Natural Language Processing (NLP) is revolutionising communication in the 21st century, particularly in digital translation and machine-readable text applications. However, indigenous African languages are severely underrepresented in these applications, because good-quality, open African language datasets are rare to non-existent. This will widen the digital divide in Africa unless organisations proactively support the development of good-quality African language datasets.
This workshop will talk about how NLP researchers and engineers in Africa collected, developed and curated datasets for underrepresented African languages, ensuring the data is representative, useful, and public. We will discuss datasets and their tasks like machine translation using Yoruba from Nigeria, sentiment analysis in Tunizi Arabizi, automatic speech recognition in Wolof from Senegal and classification in Swahili.
The data collection was facilitated through AI4D and Zindi.

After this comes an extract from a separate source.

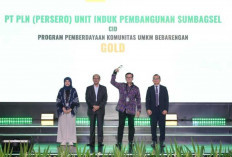 PT PLN Sukses Raih 2 Penghargaan Gold dan Silver 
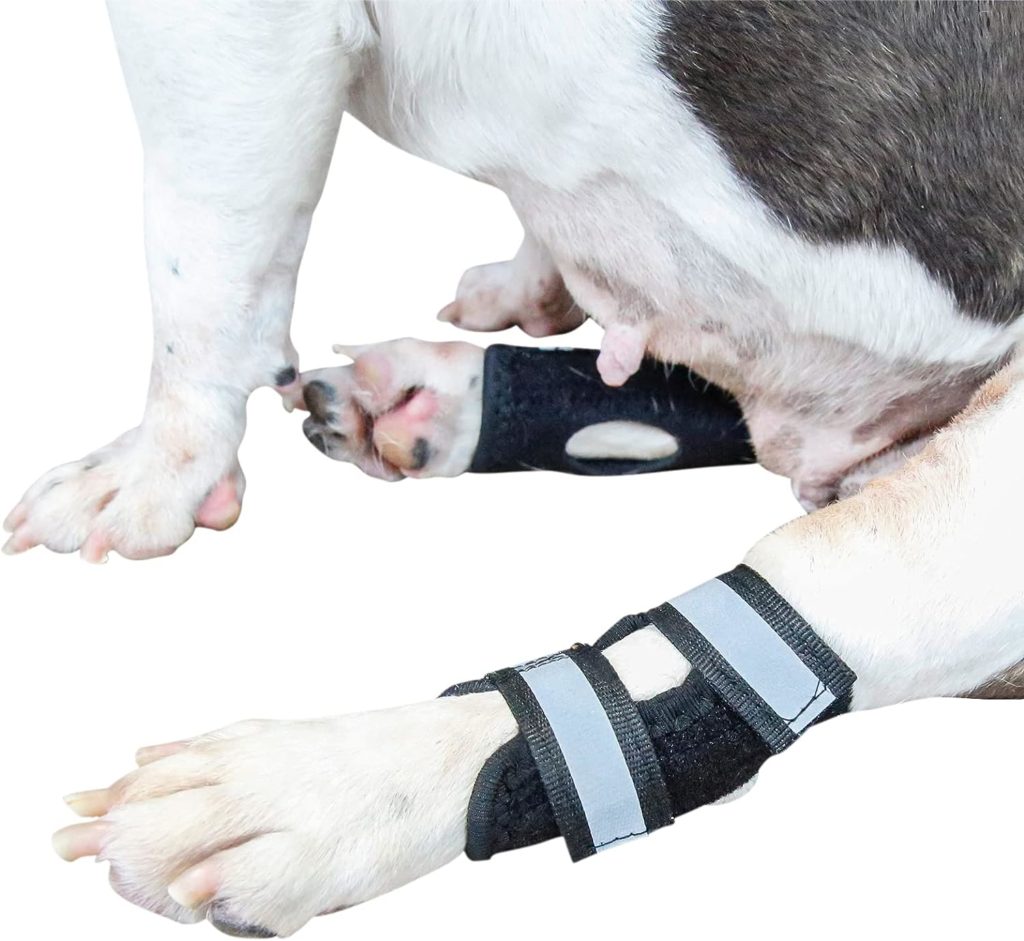 Bsfming Rear Leg Hock Brace for Dogs Dog Hind Leg Sleeve with 2 Flexible Spring Strips Inside Hock Joint Brace Compression Wrap for Dog Back Leg Dog Ankle Brace for Torn ACL and Arthritis (M-Left)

The Yoruba dataset will be available on Zindi after the event for participants to download and work on a machine learning solution to submit on Zindi.
By joining Zindi participants will join a community of data scientists across Africa and the world where they will be able to interact, learn and share their process of working with this dataset and many others from diverse fields such as agriculture, finance, and conservation.
Zindi hosts a number of active NLP challenges from across Africa with datasets from underrepresented indigenous languages, ranging from sentiment analysis to machine translation.
Along with the NLP challenges, Zindi offers predictive and computer vision challenges, among many other machine learning problems. Participants will be able to view the different challenges, take part in any that appeal to them, and have an impact on Africa and the world by applying their data science skills.
How will you deal with varying numbers of participants in your session?:Our session will start with talks from individuals in the area, followed by a walk through of how to work with NLP data and how to implement a certain task.
The talks will be prepared for a larger audience but can easily be tailored to a smaller audience by questions by becoming more interactive and making the session more activity-focused.
A Zindi data scientist will conduct a live coding demonstration and walk-through of the machine learning solution, and a starter notebook in Python will be made available through Google Colab for users to access and work on during the session. Working with Google Colab allows for any number of people to access and work on the notebook shared together, encouraging participatory learning.
I am a data scientist at Zindi, the largest pan-African gathering of data scientists.
I am excited to be part of Mozfest to meet like-minded individuals.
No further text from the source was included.